Let $x_1,\ldots,x_n$ be distinct regressor variables. For each $x_i$, there are $n_i$ observations $Y_{i1},\ldots,Y_{in_i}$ such that $$Y_{ij}=\alpha x_i+\beta+\epsilon_{ij},$$ where $\epsilon_{ij}\sim N(0,\sigma^2)$ are independent. Let $$\bar{Y}_i\mathrel{\mathop:}=\sum_{j=1}^{n_i}Y_{ij}$$ and $$N\mathrel{\mathop:}=\sum_{i=1}^nn_{i}.$$ Let $\hat{\alpha}$ and $\hat{\beta}$ be the least squares estimators of $\alpha$ and $\beta$, respectively, based on the values of $(x_i,Y_{ij})$, and $$\hat{Y}_i=\hat{\alpha}x_i+\hat{\beta}.$$ It is easy to see that the sum of squares due to error splits into "pure error" part and "lack of fit" part: $$\sum_{i=1}^n\sum_{j=1}^{n_i}(Y_{ij}-\hat{Y}_i)^2=\sum_{i=1}^n\sum_{j=1}^{n_i}(Y_{ij}-\bar{Y}_i)^2+\sum_{i=1}^nn_i(\bar{Y}_i-\hat{Y}_i)^2$$
This Wikipedia article says, without proof, the following:
- The sum of squares due to pure error, divided by $\sigma^2$, has a chi-squared distribution with $N-n$ degrees of freedom: $$\frac{\sum_{i=1}^n\sum_{j=1}^{n_i}(Y_{ij}-\bar{Y}_i)^2}{\sigma^2}\sim\chi^2(N-n),$$
- The sum of squares due to lack of fit, divided by $\sigma^2$, has a chi-squared distribution with $n-2$ degrees of freedom. $$\frac{\sum_{i=1}^nn_i(\bar{Y}_i-\hat{Y}_i)^2}{\sigma^2}=\chi^2(n-2)$$
- The two sums of squares are independent.

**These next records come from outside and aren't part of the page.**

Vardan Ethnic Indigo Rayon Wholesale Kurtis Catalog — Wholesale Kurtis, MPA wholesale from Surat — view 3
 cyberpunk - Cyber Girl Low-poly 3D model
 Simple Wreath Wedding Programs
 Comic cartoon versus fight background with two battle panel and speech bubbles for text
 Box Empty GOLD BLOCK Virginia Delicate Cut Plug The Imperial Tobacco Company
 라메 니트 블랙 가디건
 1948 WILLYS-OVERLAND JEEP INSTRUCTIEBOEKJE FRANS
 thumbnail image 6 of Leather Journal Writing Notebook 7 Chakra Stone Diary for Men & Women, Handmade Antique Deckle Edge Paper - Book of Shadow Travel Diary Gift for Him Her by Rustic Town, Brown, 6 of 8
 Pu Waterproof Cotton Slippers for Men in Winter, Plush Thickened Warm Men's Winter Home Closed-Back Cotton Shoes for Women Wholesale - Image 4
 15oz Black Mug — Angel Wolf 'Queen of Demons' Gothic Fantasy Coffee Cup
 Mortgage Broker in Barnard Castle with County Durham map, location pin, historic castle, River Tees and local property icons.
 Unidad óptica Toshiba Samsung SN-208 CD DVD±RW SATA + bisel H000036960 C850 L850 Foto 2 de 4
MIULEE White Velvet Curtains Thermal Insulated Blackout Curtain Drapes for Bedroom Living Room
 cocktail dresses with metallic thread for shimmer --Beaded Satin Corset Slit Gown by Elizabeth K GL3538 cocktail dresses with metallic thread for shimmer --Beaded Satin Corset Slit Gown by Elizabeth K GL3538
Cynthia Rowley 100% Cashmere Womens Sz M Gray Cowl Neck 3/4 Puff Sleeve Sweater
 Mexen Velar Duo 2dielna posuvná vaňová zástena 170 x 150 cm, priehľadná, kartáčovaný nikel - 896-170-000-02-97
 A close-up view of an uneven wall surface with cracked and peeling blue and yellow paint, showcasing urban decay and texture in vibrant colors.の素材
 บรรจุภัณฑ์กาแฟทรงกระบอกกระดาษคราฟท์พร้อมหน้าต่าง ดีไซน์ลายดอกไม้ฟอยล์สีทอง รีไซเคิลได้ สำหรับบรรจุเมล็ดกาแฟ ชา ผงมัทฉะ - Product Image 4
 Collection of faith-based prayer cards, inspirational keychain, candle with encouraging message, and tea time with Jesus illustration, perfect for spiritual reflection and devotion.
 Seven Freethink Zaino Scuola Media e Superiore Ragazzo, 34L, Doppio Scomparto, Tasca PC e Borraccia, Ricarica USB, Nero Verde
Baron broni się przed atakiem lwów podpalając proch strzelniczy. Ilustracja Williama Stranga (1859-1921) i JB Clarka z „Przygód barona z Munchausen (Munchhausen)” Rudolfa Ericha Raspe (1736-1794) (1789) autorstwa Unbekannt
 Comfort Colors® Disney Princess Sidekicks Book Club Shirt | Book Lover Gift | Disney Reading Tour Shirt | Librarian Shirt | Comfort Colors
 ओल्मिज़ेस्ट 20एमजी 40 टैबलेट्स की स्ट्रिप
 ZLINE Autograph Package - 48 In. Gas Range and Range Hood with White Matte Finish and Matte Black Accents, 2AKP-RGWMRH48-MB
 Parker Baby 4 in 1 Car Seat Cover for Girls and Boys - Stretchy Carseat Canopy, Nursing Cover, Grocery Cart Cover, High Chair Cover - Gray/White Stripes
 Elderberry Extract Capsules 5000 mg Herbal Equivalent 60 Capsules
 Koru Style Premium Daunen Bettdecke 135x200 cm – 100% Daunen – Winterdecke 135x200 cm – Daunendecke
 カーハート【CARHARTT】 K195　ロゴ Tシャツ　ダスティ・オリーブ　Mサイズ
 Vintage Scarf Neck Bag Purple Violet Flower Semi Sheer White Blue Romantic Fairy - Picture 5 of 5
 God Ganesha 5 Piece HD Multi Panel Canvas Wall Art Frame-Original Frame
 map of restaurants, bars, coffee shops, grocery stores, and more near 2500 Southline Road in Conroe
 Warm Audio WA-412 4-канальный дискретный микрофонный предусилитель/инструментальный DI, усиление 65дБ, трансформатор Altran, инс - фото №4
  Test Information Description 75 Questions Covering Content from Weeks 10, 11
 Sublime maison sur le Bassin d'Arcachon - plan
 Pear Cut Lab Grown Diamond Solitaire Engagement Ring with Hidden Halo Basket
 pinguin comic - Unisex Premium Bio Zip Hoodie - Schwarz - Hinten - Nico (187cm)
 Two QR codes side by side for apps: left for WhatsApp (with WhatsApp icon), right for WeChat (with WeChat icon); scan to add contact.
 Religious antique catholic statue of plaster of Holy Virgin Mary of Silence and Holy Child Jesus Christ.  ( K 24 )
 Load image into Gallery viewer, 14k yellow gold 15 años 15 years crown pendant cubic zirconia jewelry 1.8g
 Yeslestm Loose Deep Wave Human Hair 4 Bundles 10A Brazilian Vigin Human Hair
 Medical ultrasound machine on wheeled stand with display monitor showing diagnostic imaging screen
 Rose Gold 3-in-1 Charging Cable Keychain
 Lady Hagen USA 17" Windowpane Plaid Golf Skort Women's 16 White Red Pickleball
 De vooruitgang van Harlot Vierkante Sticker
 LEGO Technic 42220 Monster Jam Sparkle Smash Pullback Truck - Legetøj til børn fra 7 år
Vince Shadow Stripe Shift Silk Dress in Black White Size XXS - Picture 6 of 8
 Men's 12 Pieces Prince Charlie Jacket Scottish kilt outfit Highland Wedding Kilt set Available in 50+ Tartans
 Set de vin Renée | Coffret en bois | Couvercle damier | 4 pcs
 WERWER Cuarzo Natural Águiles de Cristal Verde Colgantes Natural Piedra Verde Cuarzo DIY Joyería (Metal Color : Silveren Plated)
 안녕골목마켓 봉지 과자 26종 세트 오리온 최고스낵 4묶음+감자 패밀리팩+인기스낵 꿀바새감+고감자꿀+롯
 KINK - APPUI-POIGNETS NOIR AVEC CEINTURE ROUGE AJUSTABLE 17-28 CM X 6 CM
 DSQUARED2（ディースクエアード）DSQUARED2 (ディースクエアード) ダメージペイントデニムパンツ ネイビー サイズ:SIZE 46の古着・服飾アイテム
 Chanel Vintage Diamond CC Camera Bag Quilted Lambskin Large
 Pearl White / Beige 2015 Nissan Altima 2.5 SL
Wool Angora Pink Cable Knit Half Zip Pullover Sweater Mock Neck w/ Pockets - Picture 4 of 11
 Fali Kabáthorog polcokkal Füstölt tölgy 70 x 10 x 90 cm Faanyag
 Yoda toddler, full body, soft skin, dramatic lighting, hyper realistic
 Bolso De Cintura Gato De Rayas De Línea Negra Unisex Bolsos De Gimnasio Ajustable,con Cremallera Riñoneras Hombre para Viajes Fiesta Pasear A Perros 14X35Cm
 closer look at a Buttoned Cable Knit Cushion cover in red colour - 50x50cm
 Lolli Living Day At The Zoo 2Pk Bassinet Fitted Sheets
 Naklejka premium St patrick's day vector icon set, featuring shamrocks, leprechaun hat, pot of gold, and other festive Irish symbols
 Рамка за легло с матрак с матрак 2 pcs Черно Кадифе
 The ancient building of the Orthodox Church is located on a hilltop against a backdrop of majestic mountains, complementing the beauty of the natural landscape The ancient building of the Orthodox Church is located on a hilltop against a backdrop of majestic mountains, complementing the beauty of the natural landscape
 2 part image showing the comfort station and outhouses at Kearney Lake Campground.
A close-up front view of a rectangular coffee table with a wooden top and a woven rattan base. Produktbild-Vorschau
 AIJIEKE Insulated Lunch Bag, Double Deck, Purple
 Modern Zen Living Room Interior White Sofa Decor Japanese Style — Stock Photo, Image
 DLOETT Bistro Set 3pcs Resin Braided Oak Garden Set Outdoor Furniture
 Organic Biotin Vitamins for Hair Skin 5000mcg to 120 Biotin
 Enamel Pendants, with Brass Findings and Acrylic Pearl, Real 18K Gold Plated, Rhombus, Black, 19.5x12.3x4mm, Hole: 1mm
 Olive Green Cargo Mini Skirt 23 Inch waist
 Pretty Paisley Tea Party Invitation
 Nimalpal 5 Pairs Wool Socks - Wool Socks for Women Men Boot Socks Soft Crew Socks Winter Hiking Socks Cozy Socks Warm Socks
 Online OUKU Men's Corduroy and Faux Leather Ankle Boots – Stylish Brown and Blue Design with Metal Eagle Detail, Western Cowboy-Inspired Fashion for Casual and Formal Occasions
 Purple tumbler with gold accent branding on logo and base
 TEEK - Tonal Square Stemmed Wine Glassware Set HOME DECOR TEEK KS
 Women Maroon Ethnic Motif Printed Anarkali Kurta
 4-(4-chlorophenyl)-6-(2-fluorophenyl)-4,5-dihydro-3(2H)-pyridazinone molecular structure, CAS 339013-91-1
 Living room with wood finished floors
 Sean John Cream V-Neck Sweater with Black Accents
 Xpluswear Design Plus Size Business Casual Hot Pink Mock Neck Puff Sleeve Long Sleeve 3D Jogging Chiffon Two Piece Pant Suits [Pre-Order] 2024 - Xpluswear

I can see the first part, but how can I prove the second and third parts?
The second part follows from the first and third parts, so it suffices to prove the third part, that $$SSE\, \mbox{(pure)} = \sum_{i=1}^n\sum_{j=1}^{n_i}(Y_{ij}-\bar{Y}_i)^2$$ is independent from $$SSE\, \mbox{(LOF)} = \sum_{i=1}^nn_i(\bar{Y}_i-\hat{Y}_i)^2.$$ Note that $$\hat{Y}_i=B_0+B_1x_i,$$ where $$B_1=\frac{S_{xY}}{S_{xx}}=\frac{\sum_{i=1}^n\sum_{j=1}^{n_i}(x-x_i)(Y_{ij}-\bar{Y})}{\sum_{i=1}^n\sum_{j=1}^{n_i}(x_i-\bar{x})^2}=\frac{\sum_{i=1}^nn_i(x-x_i)(\bar{Y}_i-\bar{Y})}{\sum_{i=1}^nn_i(x_i-\bar{x})^2}$$ and $B_0=\bar{Y}-B_1\bar{x}$. Here, we have $$\bar{Y}=\frac{\sum_{i=1}^n\sum_{j=1}^{n_i}Y_{ij}}{n}=\frac{\sum_{i=1}^nn_i\bar{Y}_i}{\sum_{i=1}^nn_i}$$ and $$\bar{x}=\frac{\sum_{i=1}^n\sum_{j=1}^{n_i}x_i}{n}=\frac{\sum_{i=1}^nn_ix_i}{\sum_{i=1}^nn_i}.$$ Note that it is as if there are $n_i$ repeated measurements of $\bar{Y}_i$ at each $i$. In particular, $B_0$ and $B_1$ are linear combinations of $\bar{Y}_1,\ldots,\bar{Y}_n$. Since $Y_{i1},\ldots,Y_{in_i}\sim N(\beta_0+\beta_1x_i,\sigma^2)$ are independent, $S_i^2$ and $\bar{Y}_i$ are independent. Since $Y_{ij}$ and $Y_{k\ell}$ are independent if $i\neq k$, it follows that $S_i^2$ are independent from $\bar{Y}_1,\ldots,\bar{Y}_n$; that is, $S_1^2,\ldots,S_n^2$ are independent from $\bar{Y}_1,\ldots,\bar{Y}_n$. Since $B_0$ and $B_1$ are linear combinations of $\bar{Y}_1,\ldots,\bar{Y}_n$, it follows that $SSE\,\mbox{(pure)}$ is independent from $SSE\,\mbox{(LOF)}$.